**WHAT THIS TASK INVOLVES**
Below are some records. Reproduce them exactly from their first line through the line with "Ưu đãi 30Gb", inclusive.

(TASK DATA Opens)

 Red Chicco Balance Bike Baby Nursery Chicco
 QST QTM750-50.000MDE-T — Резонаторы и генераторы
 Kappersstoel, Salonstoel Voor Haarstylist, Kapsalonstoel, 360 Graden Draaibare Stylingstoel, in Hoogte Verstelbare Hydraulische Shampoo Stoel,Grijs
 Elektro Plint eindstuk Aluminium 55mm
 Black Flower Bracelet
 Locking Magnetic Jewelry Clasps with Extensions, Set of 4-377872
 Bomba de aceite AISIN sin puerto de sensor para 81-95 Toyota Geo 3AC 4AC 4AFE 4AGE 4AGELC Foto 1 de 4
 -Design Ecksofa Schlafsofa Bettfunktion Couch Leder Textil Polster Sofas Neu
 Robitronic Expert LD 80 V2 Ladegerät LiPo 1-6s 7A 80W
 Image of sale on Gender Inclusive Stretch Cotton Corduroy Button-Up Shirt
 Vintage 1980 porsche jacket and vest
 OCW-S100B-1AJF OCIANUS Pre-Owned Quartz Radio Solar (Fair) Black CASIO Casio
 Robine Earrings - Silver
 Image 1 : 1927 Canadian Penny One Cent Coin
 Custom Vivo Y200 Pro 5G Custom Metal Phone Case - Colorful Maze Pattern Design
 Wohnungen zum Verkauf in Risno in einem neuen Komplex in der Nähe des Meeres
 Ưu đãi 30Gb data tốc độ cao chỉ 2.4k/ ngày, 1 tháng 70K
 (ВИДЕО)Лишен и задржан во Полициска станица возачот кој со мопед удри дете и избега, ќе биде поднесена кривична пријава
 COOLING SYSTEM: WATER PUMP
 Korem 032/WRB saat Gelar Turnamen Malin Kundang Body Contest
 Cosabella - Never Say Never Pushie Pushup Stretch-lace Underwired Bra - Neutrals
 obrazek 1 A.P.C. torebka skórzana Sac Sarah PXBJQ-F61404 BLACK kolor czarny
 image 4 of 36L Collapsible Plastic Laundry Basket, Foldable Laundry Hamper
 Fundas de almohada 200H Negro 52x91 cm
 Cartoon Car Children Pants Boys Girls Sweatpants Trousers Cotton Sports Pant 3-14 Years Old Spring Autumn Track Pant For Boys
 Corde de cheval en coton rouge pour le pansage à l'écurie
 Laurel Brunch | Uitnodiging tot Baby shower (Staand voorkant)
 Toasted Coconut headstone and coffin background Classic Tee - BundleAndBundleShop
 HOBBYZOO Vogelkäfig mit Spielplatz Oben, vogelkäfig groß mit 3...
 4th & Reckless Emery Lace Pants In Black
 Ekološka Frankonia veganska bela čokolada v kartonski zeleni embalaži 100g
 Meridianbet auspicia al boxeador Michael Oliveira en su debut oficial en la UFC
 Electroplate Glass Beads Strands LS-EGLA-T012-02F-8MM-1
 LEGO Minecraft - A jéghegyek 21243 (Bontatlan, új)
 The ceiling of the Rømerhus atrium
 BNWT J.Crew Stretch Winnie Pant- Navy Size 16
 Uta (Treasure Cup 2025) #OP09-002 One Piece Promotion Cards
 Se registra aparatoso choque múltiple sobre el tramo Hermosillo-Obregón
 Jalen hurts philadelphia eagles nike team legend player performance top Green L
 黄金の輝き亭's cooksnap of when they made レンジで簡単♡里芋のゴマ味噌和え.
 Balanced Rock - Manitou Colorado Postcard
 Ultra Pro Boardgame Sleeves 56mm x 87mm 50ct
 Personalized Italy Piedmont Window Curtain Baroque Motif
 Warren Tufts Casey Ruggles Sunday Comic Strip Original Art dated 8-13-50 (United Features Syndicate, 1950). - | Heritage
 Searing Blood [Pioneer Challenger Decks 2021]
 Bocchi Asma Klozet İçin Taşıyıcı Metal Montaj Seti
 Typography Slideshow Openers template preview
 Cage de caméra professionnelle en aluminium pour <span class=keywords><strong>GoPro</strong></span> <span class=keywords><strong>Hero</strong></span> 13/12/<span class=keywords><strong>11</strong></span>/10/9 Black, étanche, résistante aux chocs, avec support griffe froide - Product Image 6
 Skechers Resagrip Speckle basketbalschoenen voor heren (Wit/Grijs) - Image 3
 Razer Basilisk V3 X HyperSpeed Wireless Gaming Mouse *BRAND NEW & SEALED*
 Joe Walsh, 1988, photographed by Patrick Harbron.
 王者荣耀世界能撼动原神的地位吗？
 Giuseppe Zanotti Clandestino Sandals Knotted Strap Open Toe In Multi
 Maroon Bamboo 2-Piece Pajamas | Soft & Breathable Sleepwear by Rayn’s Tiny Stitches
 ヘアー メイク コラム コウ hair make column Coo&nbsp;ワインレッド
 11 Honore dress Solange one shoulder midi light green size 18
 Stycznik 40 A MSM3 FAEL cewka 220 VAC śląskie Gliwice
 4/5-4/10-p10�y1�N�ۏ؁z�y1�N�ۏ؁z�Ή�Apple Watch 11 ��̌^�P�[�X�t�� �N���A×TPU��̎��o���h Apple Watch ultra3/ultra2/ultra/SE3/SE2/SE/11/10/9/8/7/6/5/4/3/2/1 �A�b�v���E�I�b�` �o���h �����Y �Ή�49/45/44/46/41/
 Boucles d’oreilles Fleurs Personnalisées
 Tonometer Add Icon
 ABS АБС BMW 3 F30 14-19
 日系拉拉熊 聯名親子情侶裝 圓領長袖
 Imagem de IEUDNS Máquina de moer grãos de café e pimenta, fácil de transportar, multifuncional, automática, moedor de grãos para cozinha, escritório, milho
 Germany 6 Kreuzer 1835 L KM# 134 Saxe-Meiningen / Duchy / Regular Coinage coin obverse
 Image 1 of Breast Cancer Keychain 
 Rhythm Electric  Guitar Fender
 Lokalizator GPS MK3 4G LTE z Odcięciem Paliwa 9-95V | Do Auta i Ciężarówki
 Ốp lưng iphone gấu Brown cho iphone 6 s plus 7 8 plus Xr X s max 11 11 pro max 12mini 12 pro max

(TASK DATA Closes)

**RESULT OF THIS TASK**
 Red Chicco Balance Bike Baby Nursery Chicco
 QST QTM750-50.000MDE-T — Резонаторы и генераторы
 Kappersstoel, Salonstoel Voor Haarstylist, Kapsalonstoel, 360 Graden Draaibare Stylingstoel, in Hoogte Verstelbare Hydraulische Shampoo Stoel,Grijs
 Elektro Plint eindstuk Aluminium 55mm
 Black Flower Bracelet
 Locking Magnetic Jewelry Clasps with Extensions, Set of 4-377872
 Bomba de aceite AISIN sin puerto de sensor para 81-95 Toyota Geo 3AC 4AC 4AFE 4AGE 4AGELC Foto 1 de 4
 -Design Ecksofa Schlafsofa Bettfunktion Couch Leder Textil Polster Sofas Neu
 Robitronic Expert LD 80 V2 Ladegerät LiPo 1-6s 7A 80W
 Image of sale on Gender Inclusive Stretch Cotton Corduroy Button-Up Shirt
 Vintage 1980 porsche jacket and vest
 OCW-S100B-1AJF OCIANUS Pre-Owned Quartz Radio Solar (Fair) Black CASIO Casio
 Robine Earrings - Silver
 Image 1 : 1927 Canadian Penny One Cent Coin
 Custom Vivo Y200 Pro 5G Custom Metal Phone Case - Colorful Maze Pattern Design
 Wohnungen zum Verkauf in Risno in einem neuen Komplex in der Nähe des Meeres
 Ưu đãi 30Gb data tốc độ cao chỉ 2.4k/ ngày, 1 tháng 70K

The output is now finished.